__WHAT YOU HAVE TO DO__. Set the whole listing down again, word for word, with no pictures.
(AVAILABLE DATA Opens)
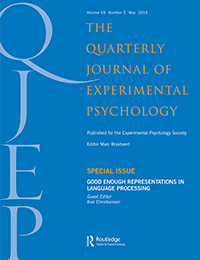 Cover image for The Quarterly Journal of Experimental Psychology, Volume 69, Issue 5, 2016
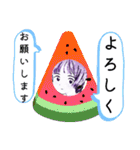 夏挨拶便利スタンプ（個別スタンプ：3）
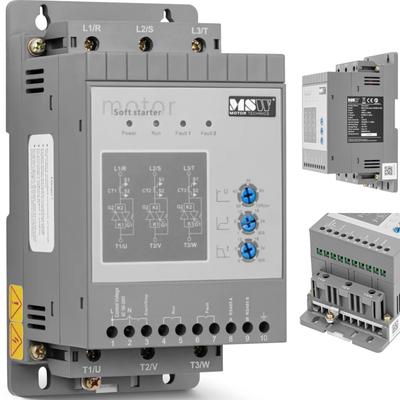 Miękki startér do łagodnego rozruchu silników 3 A 15 kW 400 100240 V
(AVAILABLE DATA Closes)
__WRITTEN SOLUTION__.
 Cover image for The Quarterly Journal of Experimental Psychology, Volume 69, Issue 5, 2016
 夏挨拶便利スタンプ（個別スタンプ：3）
 Miękki startér do łagodnego rozruchu silników 3 A 15 kW 400 100240 V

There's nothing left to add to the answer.